Action item |
Everything in the listing that follows should be reproduced exactly except the pictures.

Available data |
Content starts
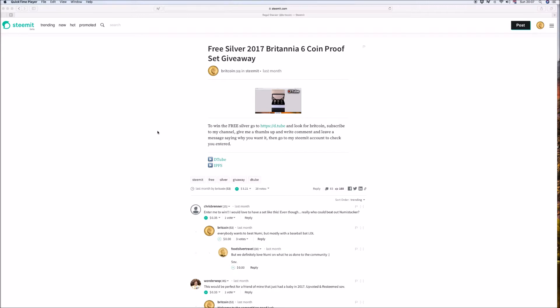The 2017 Britannia 6 coin proof set and this one was a lot easier than before but it was very, very close. Two people were very close.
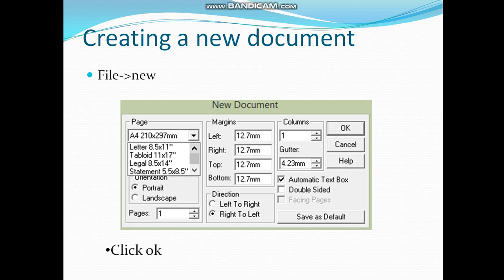You can also select the orientation like portrait or landscape. Portrait means the printing will be vertical, and landscape means the printing will be horizontal. You can also set the margins from the dialog box: left, right, top, and bottom. Then after applying these settings, click the OK button.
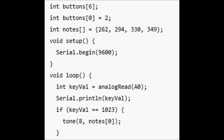So we've got arrays there. Int buttons[6], so that's an array with 6 integers, and int buttons[0] equals 2 gives the first element of the array the value 2. Now you need to create an array of frequencies. Set up the array of 4 notes using the frequencies listed above. Make this array a global variable by declaring it before the setup. Int notes equals 262, 294, 330, 349.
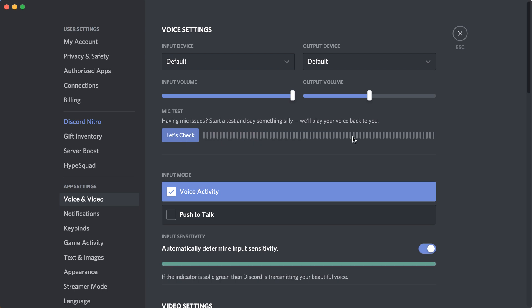So that's how it works. You can also regulate your input volume, output volume, and stuff like that. Thanks for watching!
Content ends
Solved exercise |
The 2017 Britannia 6 coin proof set and this one was a lot easier than before but it was very, very close. Two people were very close.
You can also select the orientation like portrait or landscape. Portrait means the printing will be vertical, and landscape means the printing will be horizontal. You can also set the margins from the dialog box: left, right, top, and bottom. Then after applying these settings, click the OK button.
So we've got arrays there. Int buttons[6], so that's an array with 6 integers, and int buttons[0] equals 2 gives the first element of the array the value 2. Now you need to create an array of frequencies. Set up the array of 4 notes using the frequencies listed above. Make this array a global variable by declaring it before the setup. Int notes equals 262, 294, 330, 349.
So that's how it works. You can also regulate your input volume, output volume, and stuff like that. Thanks for watching!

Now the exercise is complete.